● The task: Copy every entry exactly as it reads and exclude whatever pictures appear.

[[ Provided records open ]]

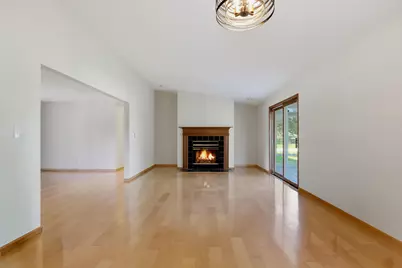 4702  Hunters Glen Dr, Sheboygan, WI 53083 - Photo 9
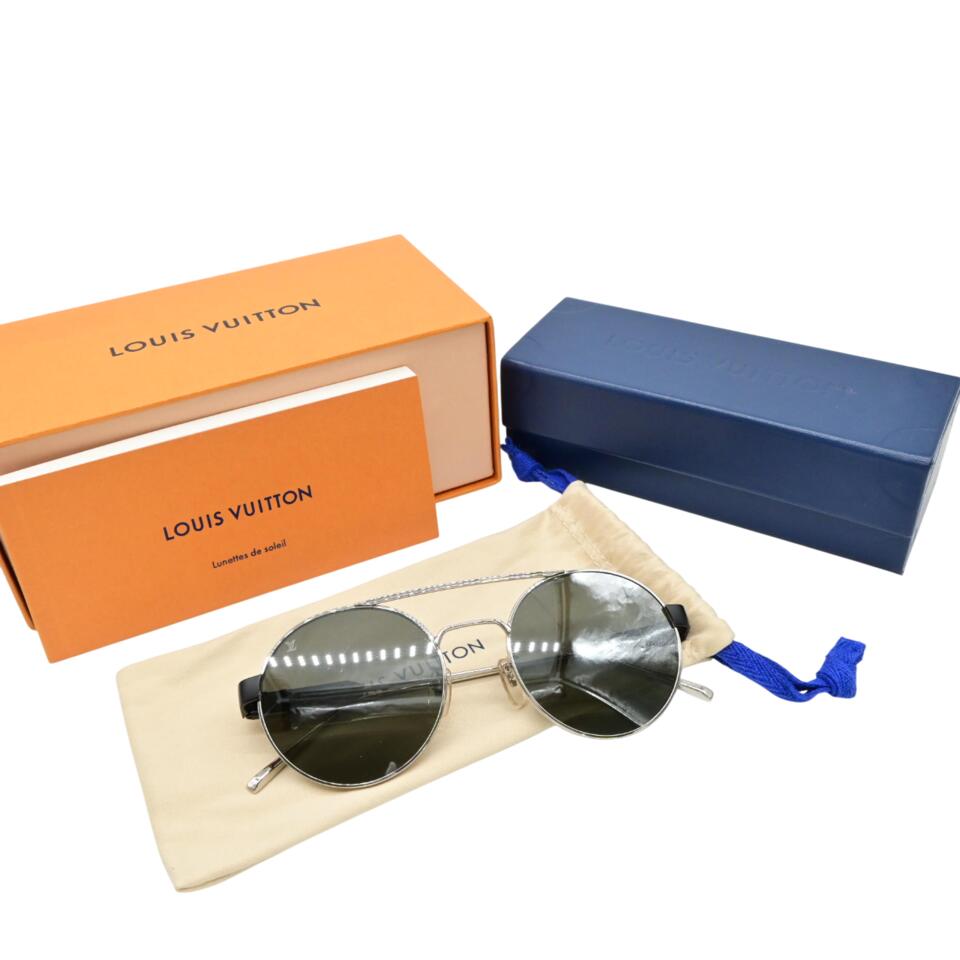 【お差し引き】【美品】LOUIS VUITTON ルイヴィトン STAR BURST はやりっ子はち切れる 黒眼鏡 メガネ 眼鏡 飛行士 しろがね色 黒いこと メンズ Z1103E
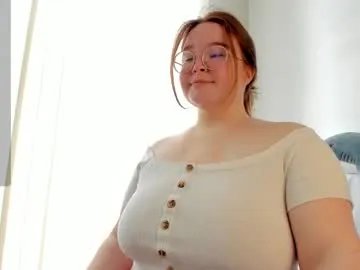 debbiewood on Chaturbate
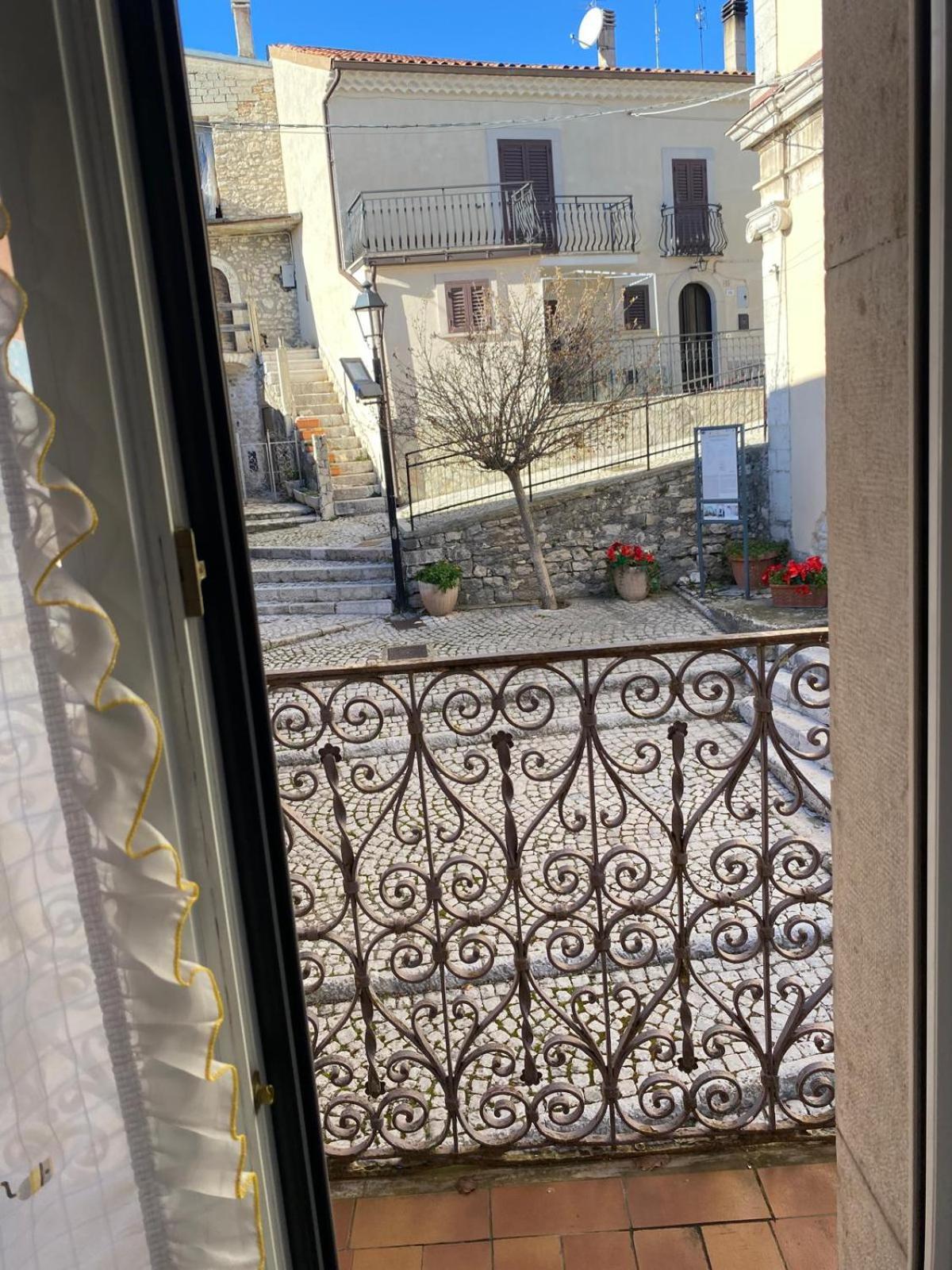 Don Pasquale Scontrone House Exterior foto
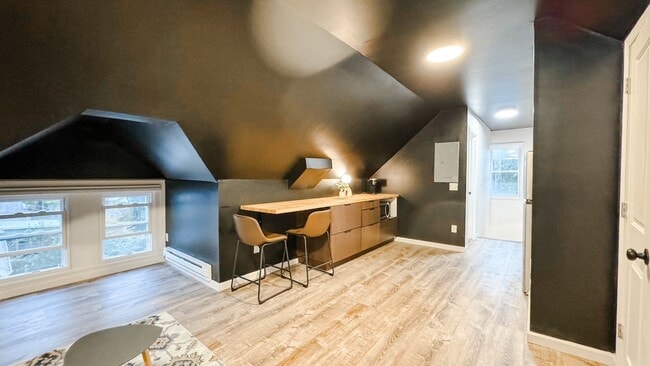 Building Photo - Chic Studio in North Winton Village
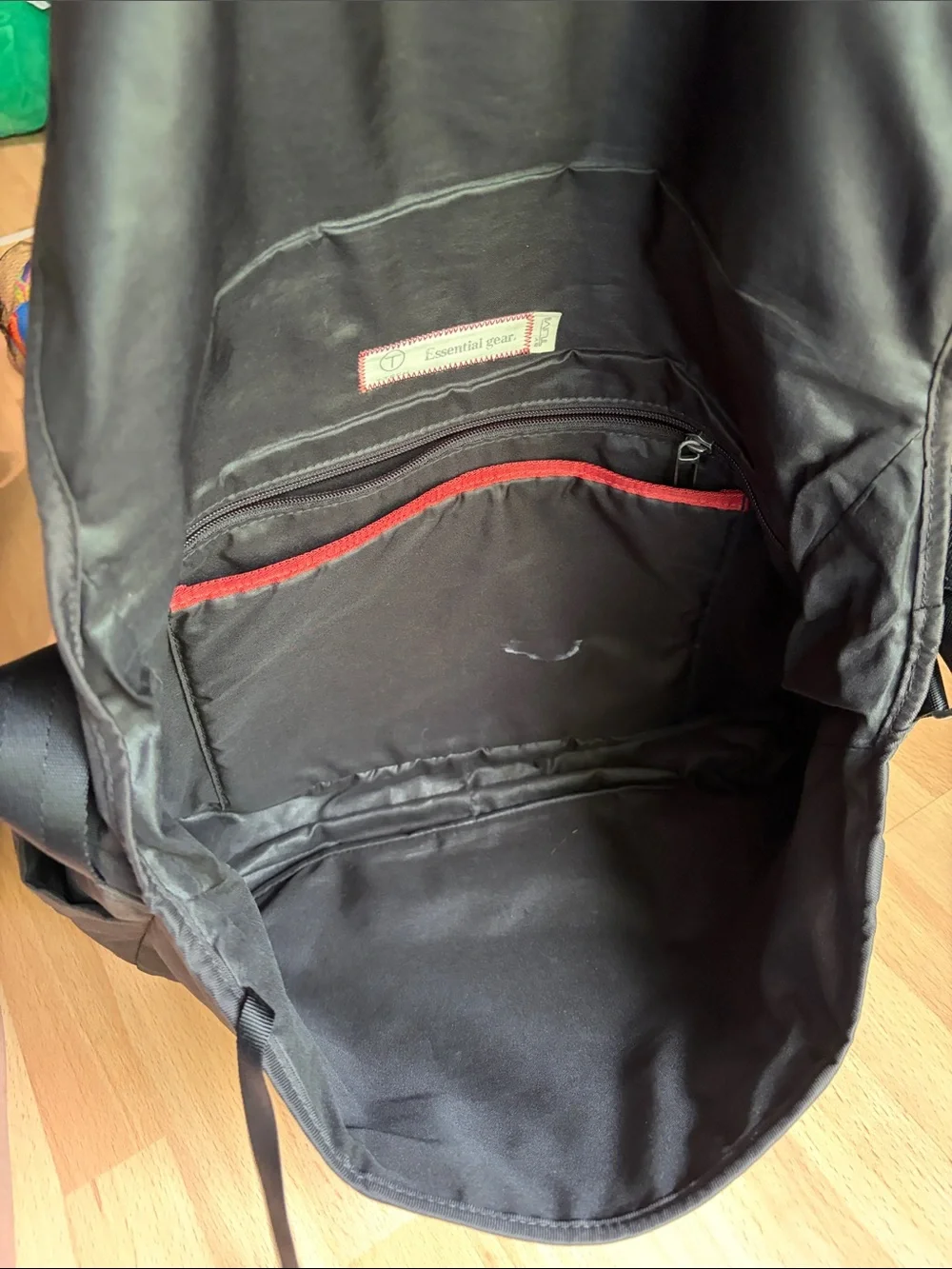 T Tech by Tumi Nylon Messenger Bag for Men - Durable Everyday Crossbody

[[ Provided records closed ]]

● Written response:
 4702  Hunters Glen Dr, Sheboygan, WI 53083 - Photo 9
 【お差し引き】【美品】LOUIS VUITTON ルイヴィトン STAR BURST はやりっ子はち切れる 黒眼鏡 メガネ 眼鏡 飛行士 しろがね色 黒いこと メンズ Z1103E
 debbiewood on Chaturbate
 Don Pasquale Scontrone House Exterior foto
 Building Photo - Chic Studio in North Winton Village
 T Tech by Tumi Nylon Messenger Bag for Men - Durable Everyday Crossbody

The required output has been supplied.